In its ontological depth, the relationship between man and woman can only ever be defined by one thing: love. Yet, in the reality of human experience, love exists in infinite gradations of clarity and in various ways that lovers relate to one another. Love can certainly connect two people where one is the embraced and the other the embracing, one the guided and the other the guiding, one the sheltered and the other the sheltering. Until now, a defining characteristic of this bond was man’s greater degree of consciousness and woman’s relative lack of it. Now, however, through the new realization of woman, a new form is emerging which we call creative partnership. When love is rooted in the continuous self-discovery and self-actualization of both partners—when it represents a unique response to the fundamental conditions of being human and a mutual maturing through the encounter with the „Thou“ of the other—then we speak of creative partnership.
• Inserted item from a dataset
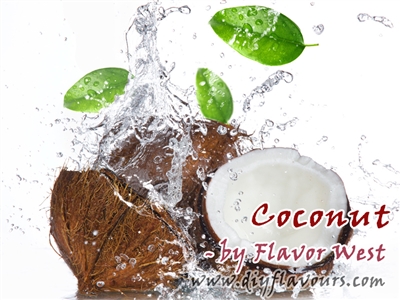 Coconut Flavor Concentrate by Flavor West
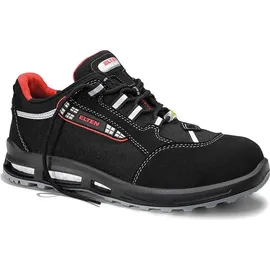 ELTEN SENEX XXT ESD S3 Textil Schwarz Rot Größe 37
It is a circulus, but a circulus salutis—a circle of healing. It rests on an ever deepening acceptance of oneself which, in turn, allows for an ever deepening acceptance of the other within an ever expanding space. When love is a response to the conditions of our humanhood, such that the woman’s response allows the man to grow, and the man’s response allows the woman to grow, that is creative partnership. We are speaking of a „dialectical“ maturing of two people, not merely a subjective adaptation of two individuals to one another. It is a process drawn from the primordial ground of a transcendent whole, transforming both participants throughout their lives until death. Creative partnership is therefore a journey that can reach no final conclusion—no point at which one partner will have fully „determined“ the other. It is an encounter that, by its very nature, grows dynamically deeper and takes place entirely in „the open.“

What, then, does the reality of modern interpersonal relationships show us? It reveals a failing of community on an unprecedented scale, and specifically, a frightening crisis in the partnership between man and woman. A look at divorce statistics is sufficient proof. Psychotherapists, of course, encounters this struggle and failure firsthand. They deal with the sickness of partnership in the trenches—with the rupture between human beings where abysses of hate and despair open up, and the dark side of „radical evil“ seems to reveal itself. Loneliness, isolation, and a lovelessness that manifests as an inability to love or a refusal to be loved; an incapacity for devotion and fidelity; the compulsion to turn the other into an object—all these spiritual ailments dominate interpersonal relationships today, particularly between men and women. Most striking is the lack of commitment—the cool, detached egoism with which erotic connections are formed and then discarded.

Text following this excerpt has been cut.